Information supplied
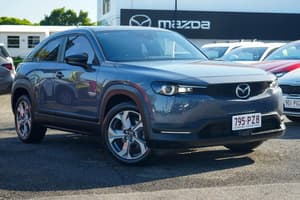 2023 Mazda MX-30 G20e Evolve DR Series Auto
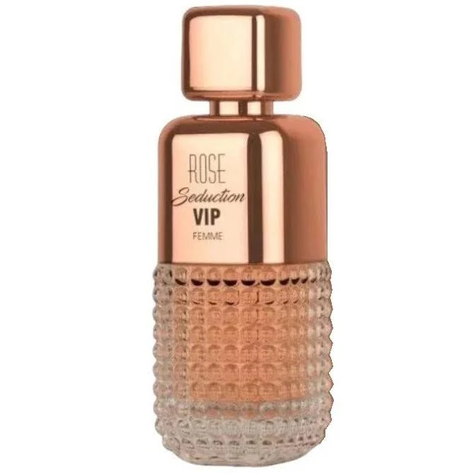 Perfume Rose Seduction Vip Maison Alhambra EDP Mujer 100 ml-1
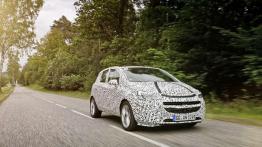 Opel Corsa na pierwszych zdjęciach i filmie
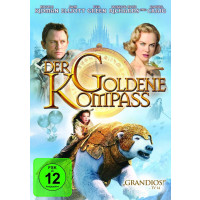 Goldene Kompass, Der (DVD) Min: 109/DD5.1/WS - WARNER HOME  - (DVD Video / Fantasy)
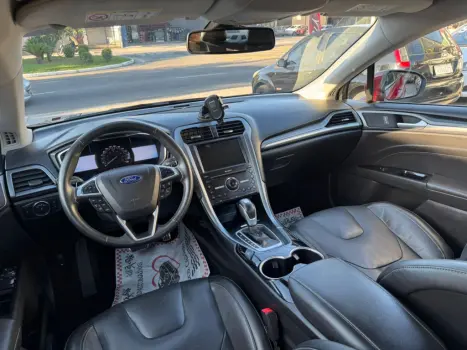 FORD Fusion 2.0 4P 16V TITANIUM AWD AUTOMTICO, Foto 8
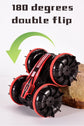 4WD Amphibious RC Car Remote Control Stunt Car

Work order
Reproduce word for word the lines running from the line with "Goldene Kompass, Der" through the end of the data, both included, and nothing else; leave out the pictures.

Exercise response
 Goldene Kompass, Der (DVD) Min: 109/DD5.1/WS - WARNER HOME  - (DVD Video / Fantasy)
 FORD Fusion 2.0 4P 16V TITANIUM AWD AUTOMTICO, Foto 8
 4WD Amphibious RC Car Remote Control Stunt Car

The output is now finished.